* _Work order_
Reproduce the listing below word for word and exclude any picture.

* _Provided material_
####

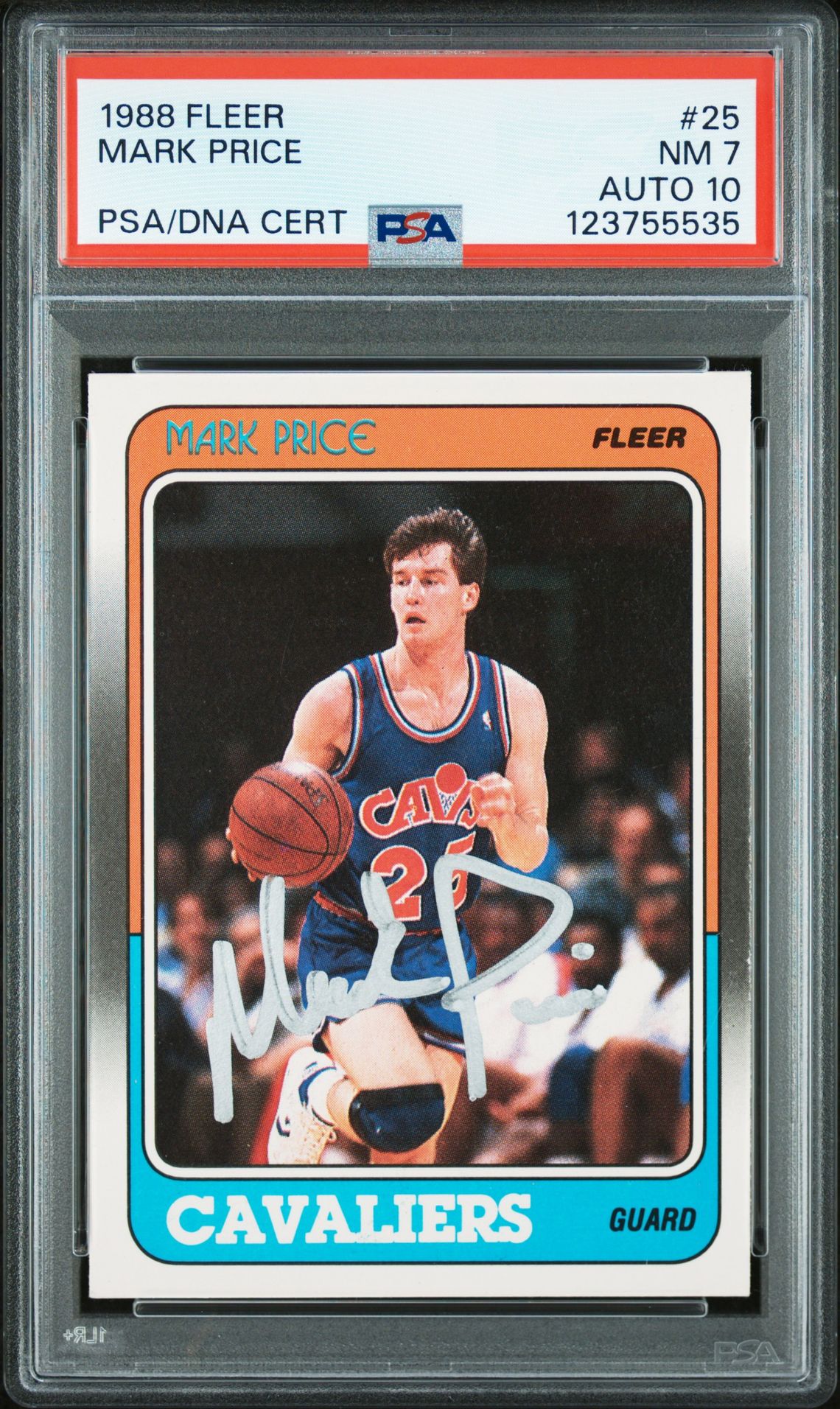 Mark Price 1988 Fleer Signed Basketball Rookie Card #25 Graded PSA 7 Auto 10 Cert # 123755535-Powers Sports Memorabilia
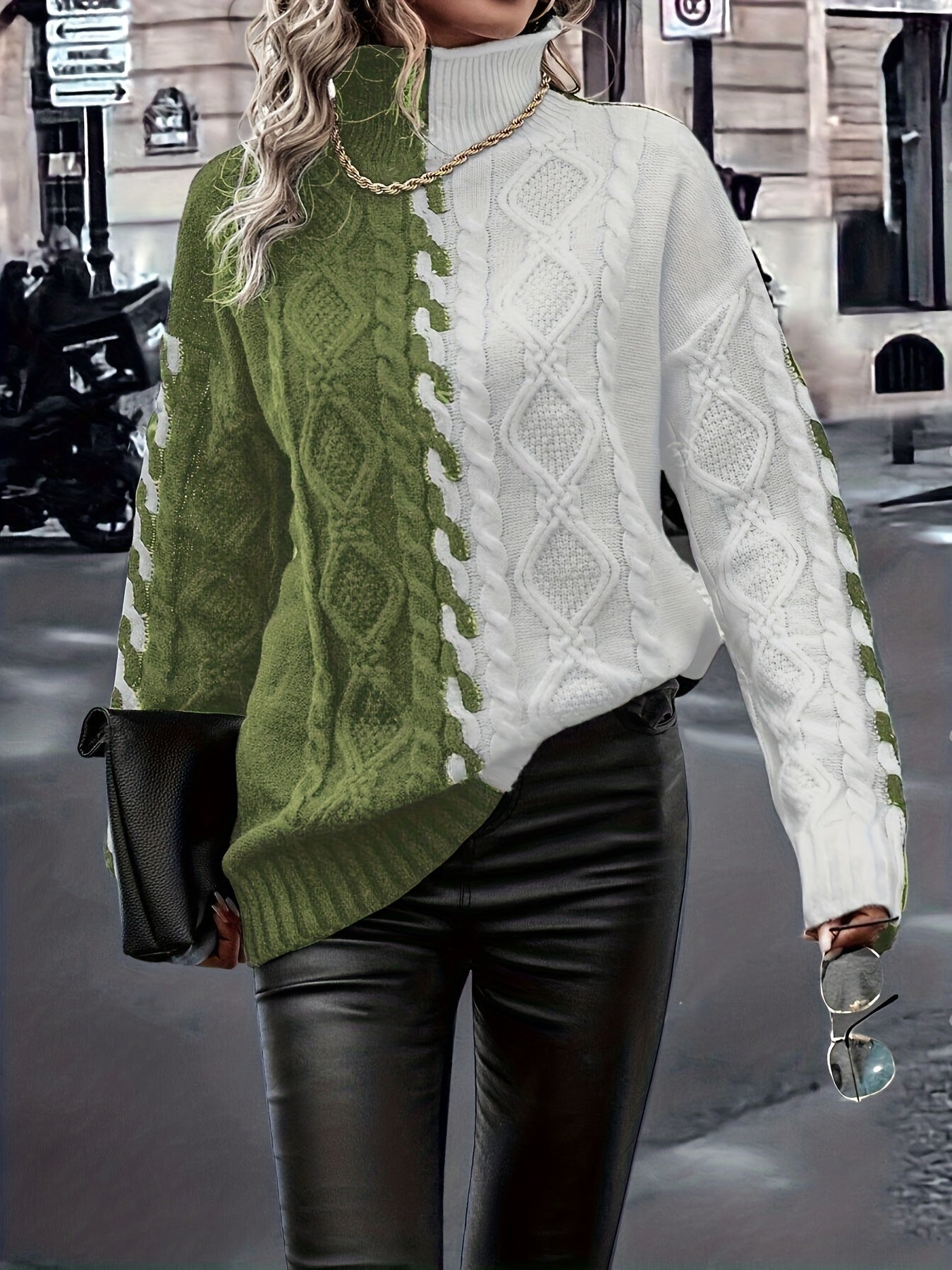 Elegant High-Neck Striped Blouse – Color-Block Knit Long Sleeve Top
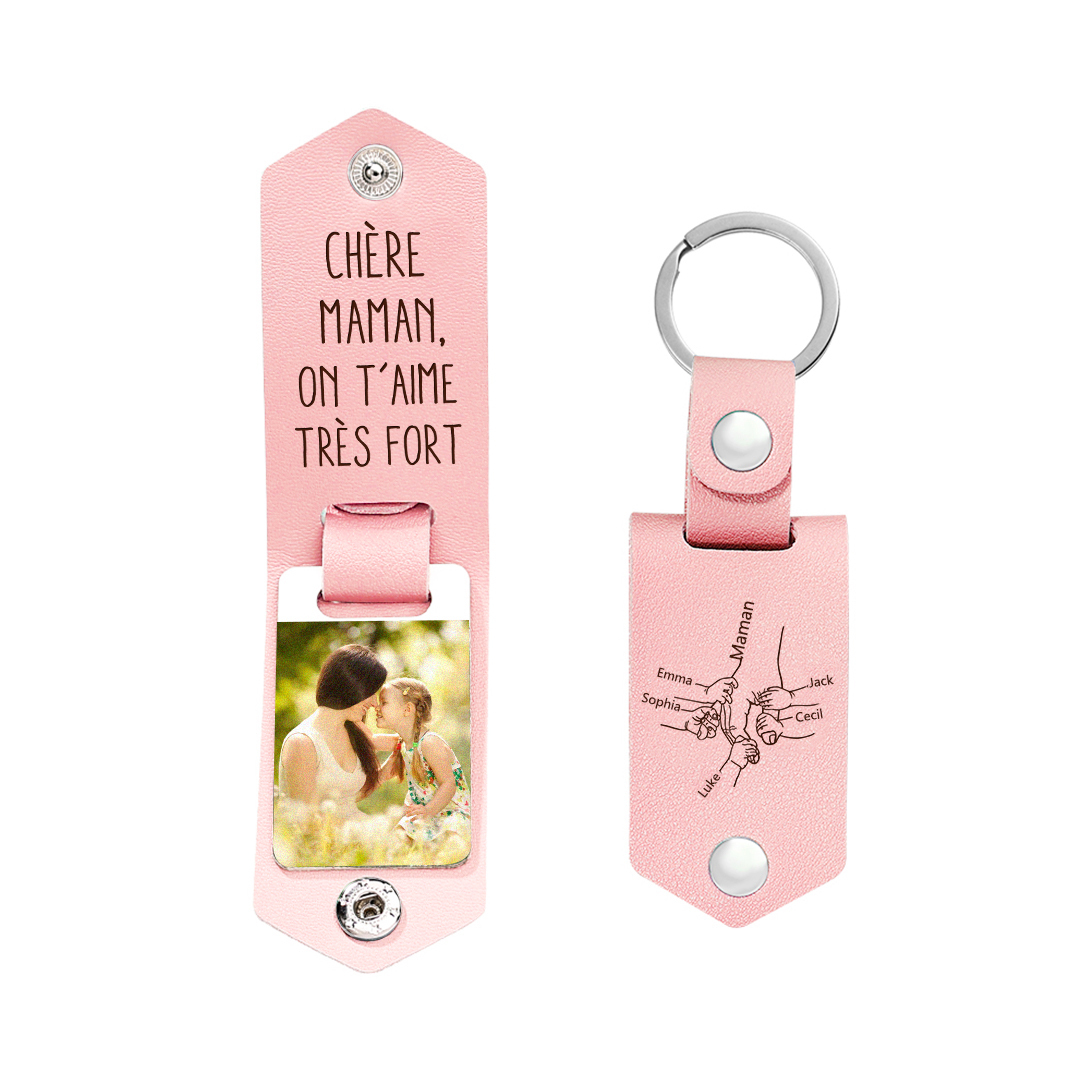 À ma Maman - Porte-Clés Cuir la Main dans la Main 5 Prénoms Personnalisés avec Photo | Jessemade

####

* _Reply_
 Mark Price 1988 Fleer Signed Basketball Rookie Card #25 Graded PSA 7 Auto 10 Cert # 123755535-Powers Sports Memorabilia
 Elegant High-Neck Striped Blouse – Color-Block Knit Long Sleeve Top
 À ma Maman - Porte-Clés Cuir la Main dans la Main 5 Prénoms Personnalisés avec Photo | Jessemade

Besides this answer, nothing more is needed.